In other words, the original transferor, transferee, and new transferee must all be a part of the same Qualifying Group at the time of the subsequent transfer to avoid any clawbacks. It will also not get triggered if the new Transferee wasn’t a part of the actual Qualifying Group when the original transfer took place, but is now a part of the same Group. 

This clawback will be triggered even in case the Transferee gets liquidated and ceases to exist, or via a merger, and the relevant assets or liabilities are transferred outside of the Qualifying Group during the process or as a part of a transaction. 

Transferor Or Transferee not being the Members of The Same Qualifying Group

A few cases where the Qualifying Group Relief is clawed back, due to the Transferor or the Transferee ceasing to be members of the same Qualifying Group are:

  • Failure to meet the ownership stipulation. i.e., if there is a change in the ownership of the Transferor or Transferee. 
  • The Transferor or the Transferee no longer remaining a taxable person will also trigger the clawback.
  • In any subsequent tax period, the Transferor or Transferee becoming an exempt person (or becoming a Qualifying Free Zone Person (QFZP)) can also trigger the clawback.
  • In case of either the Transferor or the Transferee changing their Financial Year in such a way that it doesn’t align with the other members of the Qualifying Group, it will trigger a clawback. 

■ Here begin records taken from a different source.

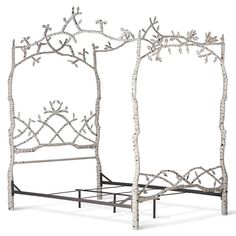 an iron bed frame with white flowers and branches on the headboard is made out of metal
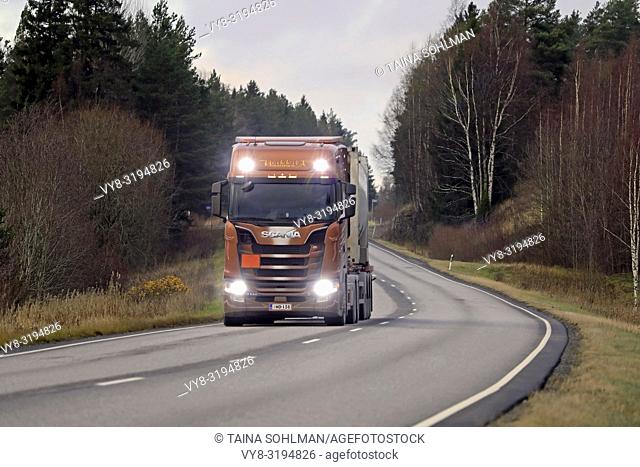 Salo, Finland - November 16, 2018: Next Generation Scania S730 of Heikkila for chemical transport on the road in autumn with high beams on briefly.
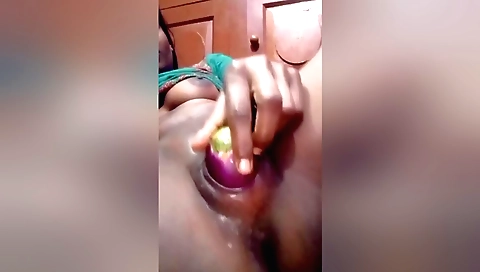 Indian brunette with a nice body has fun with her toy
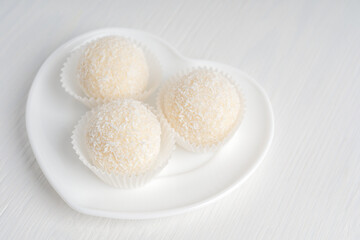 Fototapeta na wymiar Coconut organic sweet truffles or homemade nut vegetarian energy balls served in heart shaped plate on white wooden background at kitchen ready to eating for breakfast. Horizontal orientation image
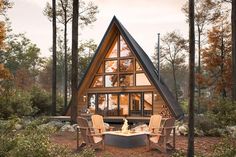 a - frame cabin in the woods with chairs and fire pit on the ground, surrounded by trees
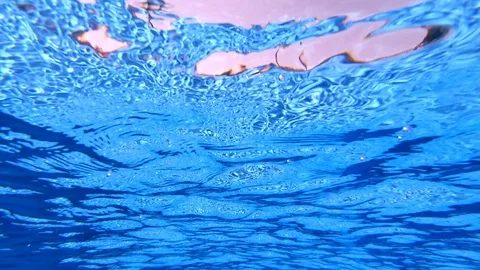 Bottom underwater view of water surface ripples in pool Stock Footage 118235169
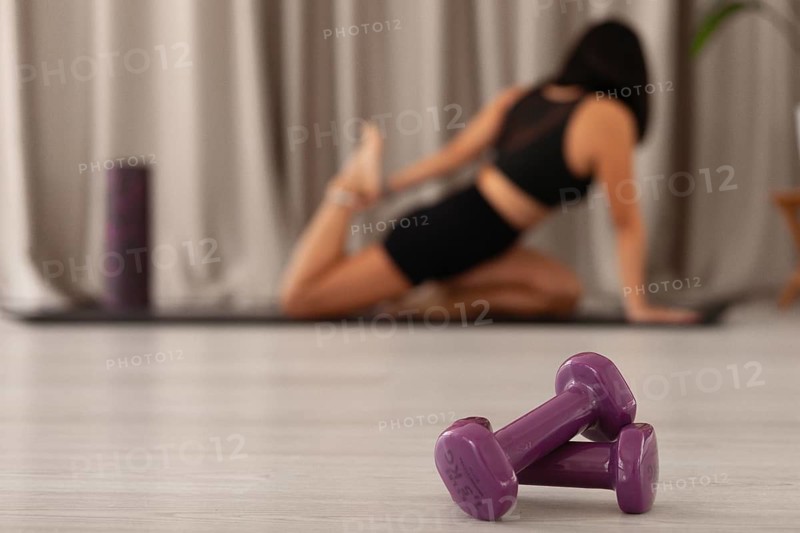 Close-up of purple dumbbells with a woman stretching in the blurred background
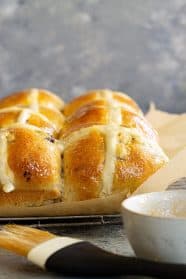 Close up of hot cross buns in a baking pan.
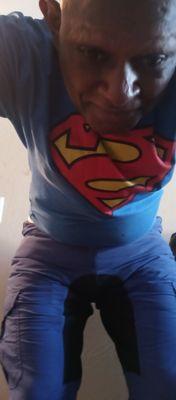 my suoerman shirt and biker shorts.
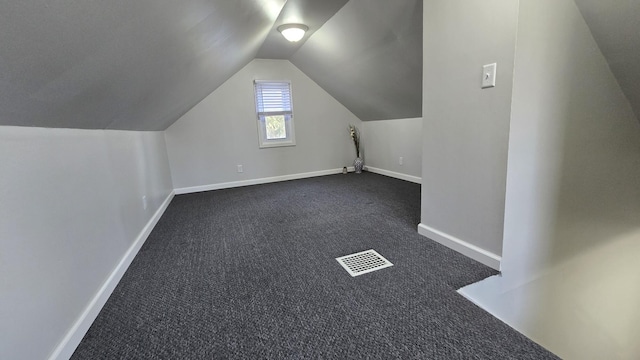 additional living space featuring visible vents, baseboards, lofted ceiling, and dark colored carpet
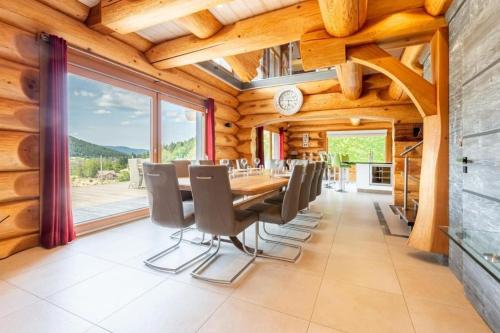 une salle à manger avec une longue table et des chaises dans l'établissement Merveille architectural en rondins chalet Whistler, à Xonrupt-Longemer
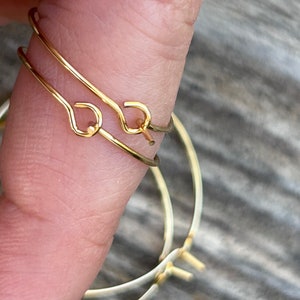 Puede incluir: Dos pendientes de aro dorados con un dise&ntilde;o simple y minimalista. Los aros est&aacute;n hechos de alambre fino y tienen un cierre de bisagra.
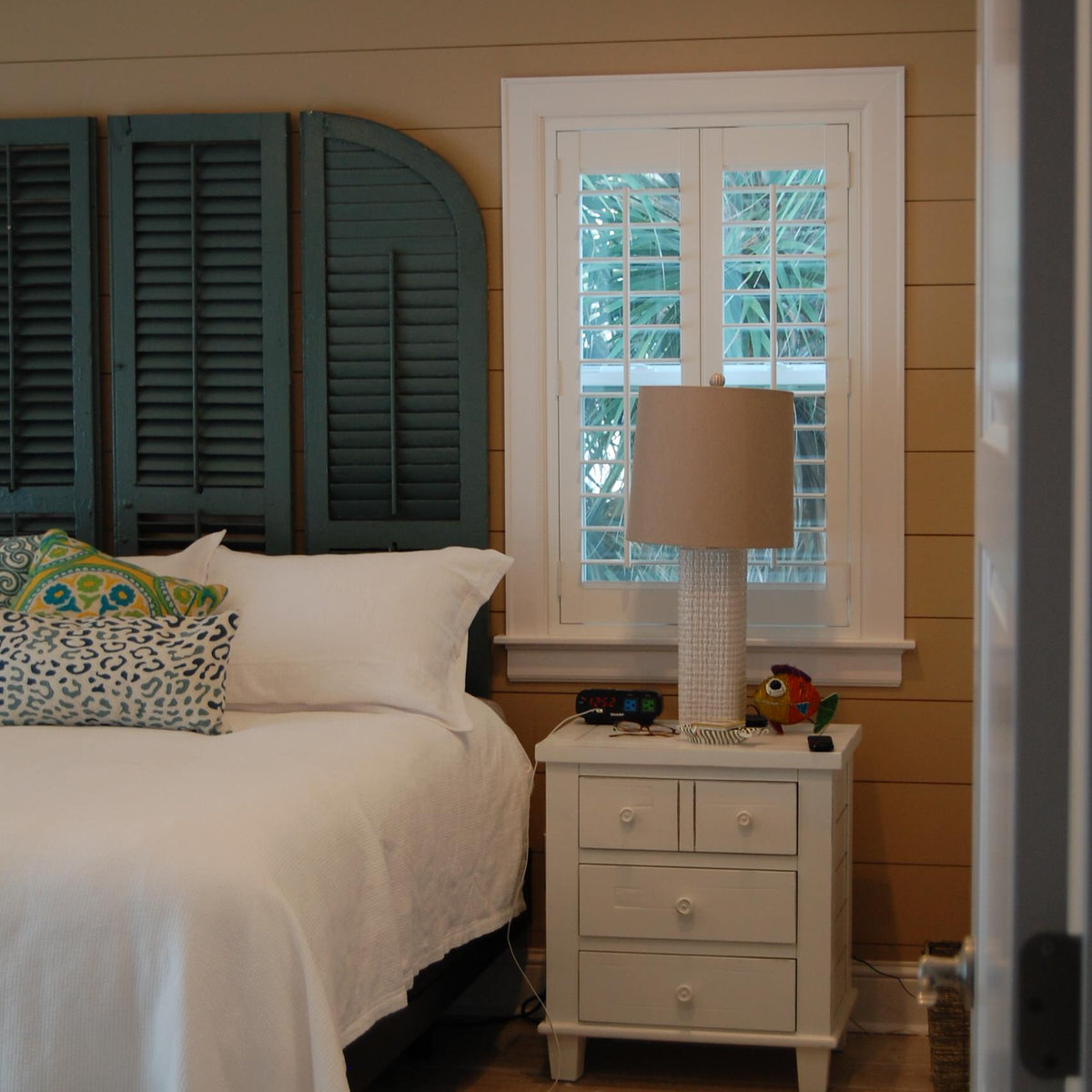 Coastal bedroom with shiplap walls and shutter headboard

In the case of Qualifying Group Relief, clawbacks apply with respect to shares or ownership interests that were issued by the Transferor or Transferee as a part of Business Restructuring Relief as well. In such a transaction, even a single share transfer that was earlier issued as a Business Restructuring Relief can trigger a clawback. 

This is because any transfer of shares (in the Transferee) issued as a part of Business Restructuring Relief can be considered as a transfer of the whole or part of the shares. So, even if the owners of other shares in the Transferee are the same, it will still trigger a clawback.

While there are certain stipulations and conditions that need to be met while applying to be a member of Qualifying Group Relief, it is also important to understand the clawbacks of the same. 

This helps to stay eligible for the relief, and avoid any procedures that may trigger a clawback of the Relief.